I remember the buildings when they were new, and the excitement they created, and I'm delighted that at least two of this architect's trio of Village commissions has survived at all.

I say that the new building may be an improvement because, while I've always loved its perfect round windows, along with their beautifully-crafted frames and hopper-like opening mechanisms, the new dancing pattern punched out by the current design team, Handel Architects LLP, in two different sizes of openings, really makes me smile. Also, the building's original tiny ceramic tiles were replaced by stucco years ago, probably because of problems inherent in the materials, and the way the horizontal lines of the (tile-like) rectangles composing the new shiny (hull-like) metal skin wrap around the tilted corners of the main facade, and dip down along the sides, showcases a very different effect, one at least equal to the 1960's original.

The overall building shape remains unchanged.

Now if only somebody would change that name: "Dream Hotel" scares me silly.
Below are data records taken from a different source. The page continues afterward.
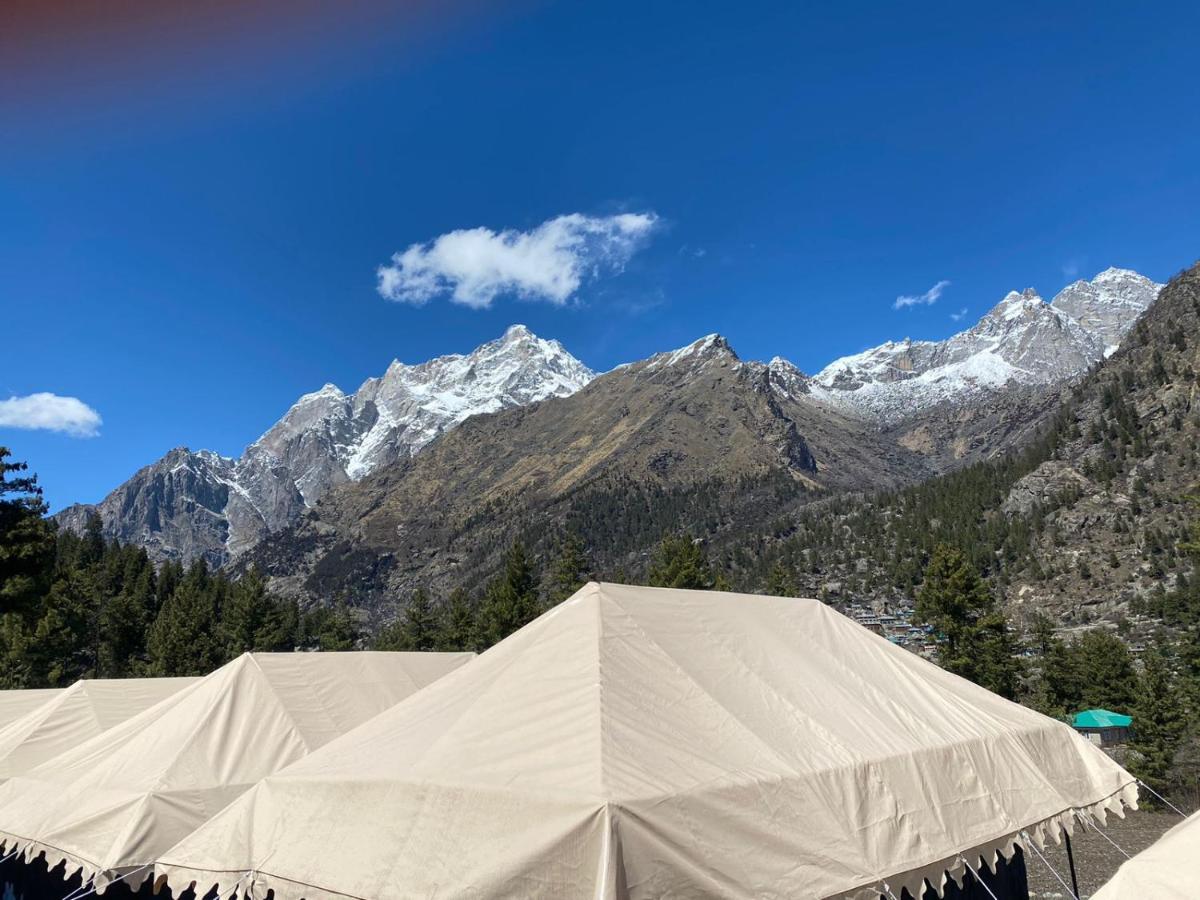 Sailya Camping And Trekking Saturang Dış mekan fotoğraf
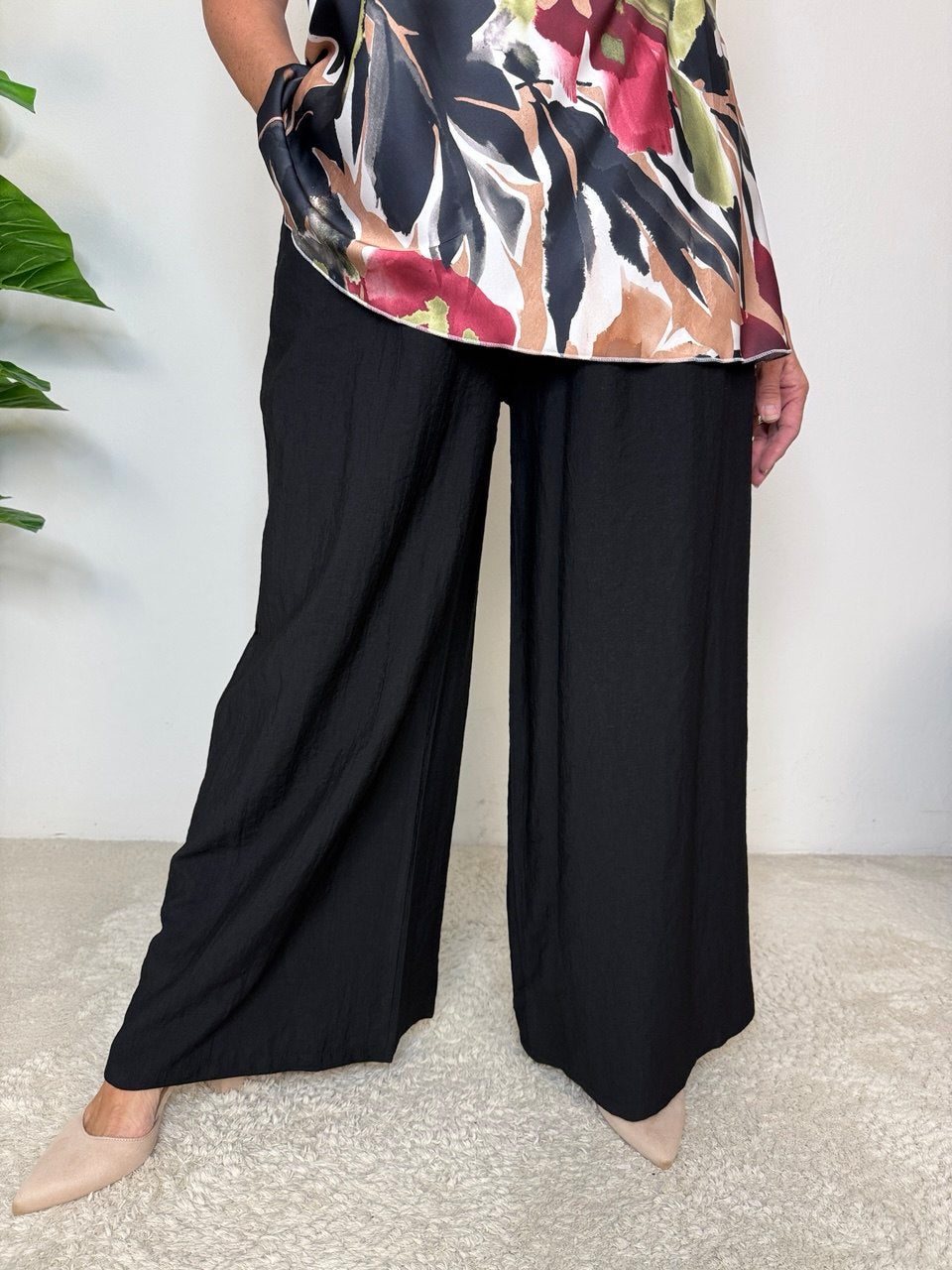 Zurigo Maxi Trousers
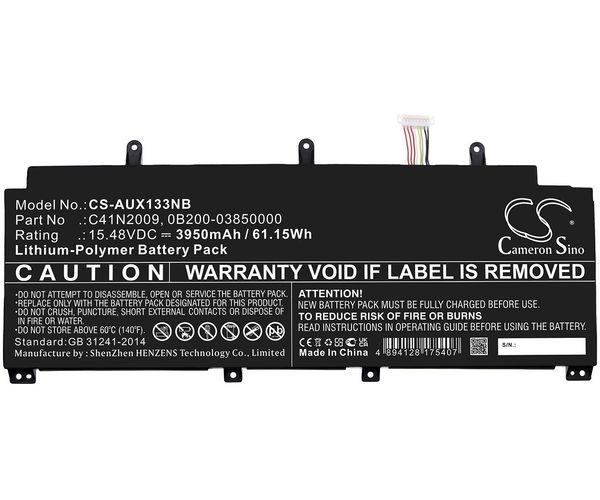 CS-AUX133NB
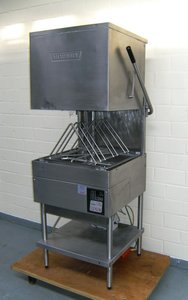 Sheet metal cleaning machines HOBART FN 400 H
NOTE: Except for its romance-novel appellation, I think I could love this building, but now I'm wondering if it's already a doomed affair: While looking for additional information on the building's design and construction, and searching, sometimes fruitlessly, for links to incorporate in this blog, I got the impression that the project may be on hold. There are some indications that the "dream" may be trouble, because of problems related to money, the health of the principal, or (perhaps the least daunting challenge) engineering problems, and I notice that the hotel web site itself is still "under construction".